**Exercise**
The output should be the records themselves, given again exactly.

[Short text fragments from websites]

****************

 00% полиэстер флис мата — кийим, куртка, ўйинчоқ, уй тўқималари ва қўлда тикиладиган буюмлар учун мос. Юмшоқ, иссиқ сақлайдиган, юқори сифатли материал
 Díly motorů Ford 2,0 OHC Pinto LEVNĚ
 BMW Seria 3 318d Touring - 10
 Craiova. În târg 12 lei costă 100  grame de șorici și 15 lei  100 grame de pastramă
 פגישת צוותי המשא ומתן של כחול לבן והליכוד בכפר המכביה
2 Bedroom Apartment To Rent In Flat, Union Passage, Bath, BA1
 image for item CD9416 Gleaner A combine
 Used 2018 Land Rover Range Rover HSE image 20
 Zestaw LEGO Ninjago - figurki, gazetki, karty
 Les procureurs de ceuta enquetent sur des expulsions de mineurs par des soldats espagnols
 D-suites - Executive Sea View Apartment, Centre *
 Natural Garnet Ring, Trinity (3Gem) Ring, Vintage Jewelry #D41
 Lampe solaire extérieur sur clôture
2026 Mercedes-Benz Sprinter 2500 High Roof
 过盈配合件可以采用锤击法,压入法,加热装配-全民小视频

****************

**Response**
 00% полиэстер флис мата — кийим, куртка, ўйинчоқ, уй тўқималари ва қўлда тикиладиган буюмлар учун мос. Юмшоқ, иссиқ сақлайдиган, юқори сифатли материал
 Díly motorů Ford 2,0 OHC Pinto LEVNĚ
 BMW Seria 3 318d Touring - 10
 Craiova. În târg 12 lei costă 100  grame de șorici și 15 lei  100 grame de pastramă
 פגישת צוותי המשא ומתן של כחול לבן והליכוד בכפר המכביה
2 Bedroom Apartment To Rent In Flat, Union Passage, Bath, BA1
 image for item CD9416 Gleaner A combine
 Used 2018 Land Rover Range Rover HSE image 20
 Zestaw LEGO Ninjago - figurki, gazetki, karty
 Les procureurs de ceuta enquetent sur des expulsions de mineurs par des soldats espagnols
 D-suites - Executive Sea View Apartment, Centre *
 Natural Garnet Ring, Trinity (3Gem) Ring, Vintage Jewelry #D41
 Lampe solaire extérieur sur clôture
2026 Mercedes-Benz Sprinter 2500 High Roof
 过盈配合件可以采用锤击法,压入法,加热装配-全民小视频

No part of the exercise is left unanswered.